To those who decided to try out cycling on snow, I’d recommend replacing regular pedals with platforms that comfortably accommodate even the oversized winter shoes. Following the experiences of off-road drivers, slightly lessening the pressure in the tyres helps to gain better traction. Some bikers even choose tyres fitted with metal spikes that bite into the ice to prevent skidding. On a continuous layer of snow in Scandinavia, I would put them on too but the spikes can turn into a disadvantage on a mixed surface. Take extra care to lubricate the chain, which is exposed to the moisture from the snow and the aggressive salt from the road grit.

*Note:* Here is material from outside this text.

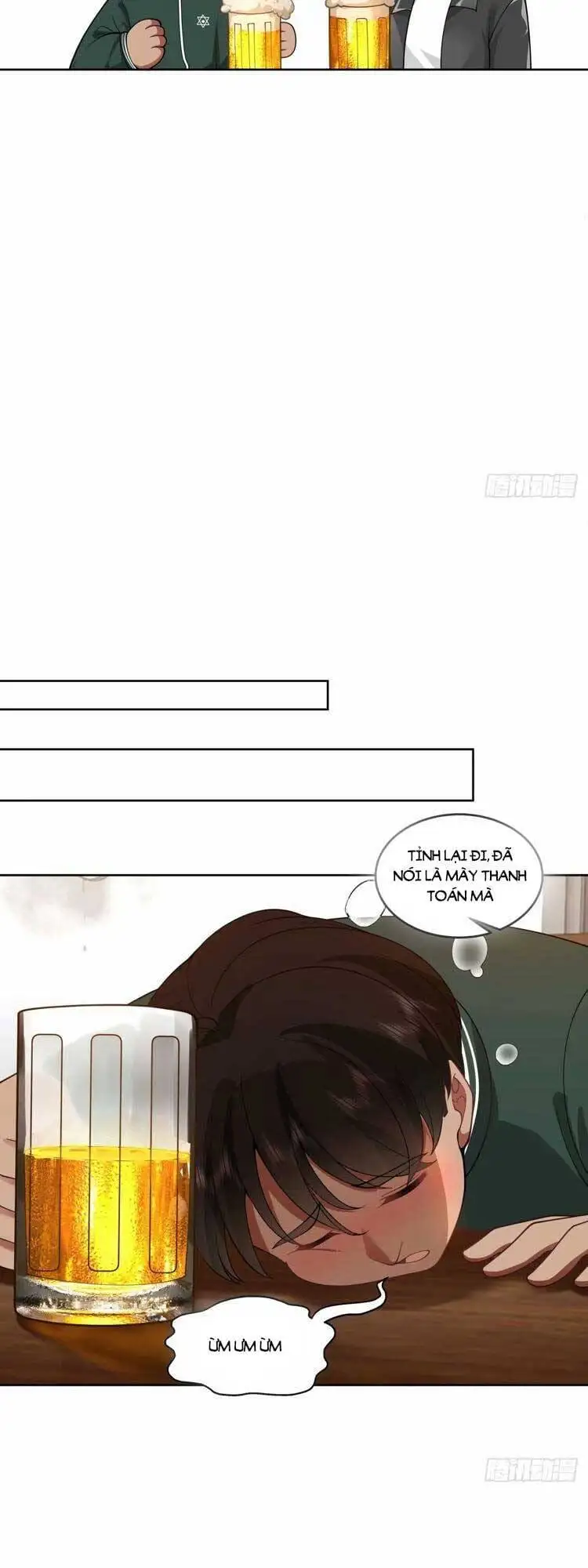 Truyện Tranh Ta Không Muốn Trùng Sinh Đâu trang 3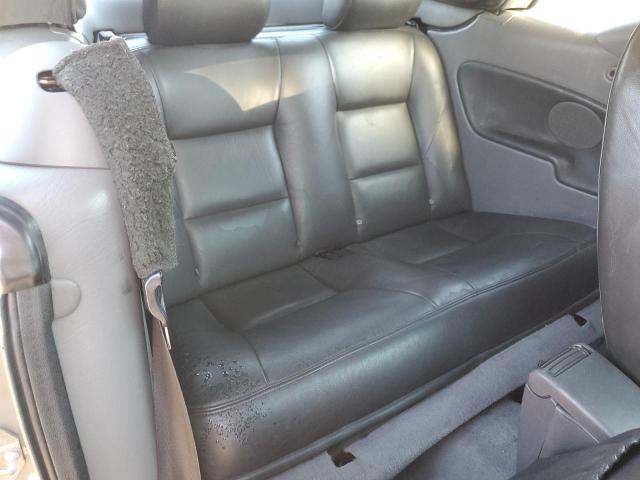 Photo 10 from auction – 2002 SAAB 9-3 SE with VIN YS3DF78K727010154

Also, pay attention to brakes. The rotors get covered in snow, which thaws and turns into ice after a short time of not braking, resulting in dwindled efficiency through the very first moments of your braking efforts. Therefore, remove the thin ice layer by hitting the brake lever lightly from time to time during the ride. If you travel by car, a small broom comes in handy to sweep the bike off snow after the ride to keep the boot dry.
The tour planning
If you are used to riding on a favourite trail, arrange the very first snowy ride so that you can return home on a normal road in case of fatigue, which is far better than an exhausting ride through snowdrifts.
Battery capacity limited
Cold and frost are no good for batteries as you might have already learned due to your mobile phone. If you expect to travel by car, transport a fully-charged battery separately inside the vehicle. According to my experience, I’ve estimated that a low temperature under zero °C can reduce the battery capacity by roughly 20%. Given that, the average length of your trip should be cut by a fifth to prevent being left in the middle of snowed-under nowhere without motor assistance.
Appropriate clothing for cycling on snow should be considered even more seriously than in any other part of the year. It is necessary to protect the front part of the body, especially the chest. The combination of technical/thermal underwear or a woollen T-shirt with a wind-stopper layer and jacket is advisable. Don’t forget to put on a helmet as you never know what obstacle has been left under the snow cover. You can also crash unexpectedly on ice.
While the integral helmet offers comfort by covering the entire head, regular helmet users are recommended to put a cap or a balaclava underneath to stay away from cold. Because the human body draws its warmth to internal organs in winter, fingertips freeze quickly. Therefore, before you embark on your cycling on snow session, put on winter shoes, cosy socks and insulated gloves. I take one extra top layer in my backpack, which I fish out whenever I stop to prevent the low outside temperature from cooling down the sweat covering my body.
Even if the sensation of thirst is not as urgent as in summer, you’ll sweat a lot and lose lots of water. To stay hydrated, insulated bottles to fit in the bike cage are available, yet I’d personally fill a vacuum flask with tea and carry it in my backpack. Even though Camel Bags are great in summer, the tube might get frozen and thus obstructed after a while of riding in temperatures below zero.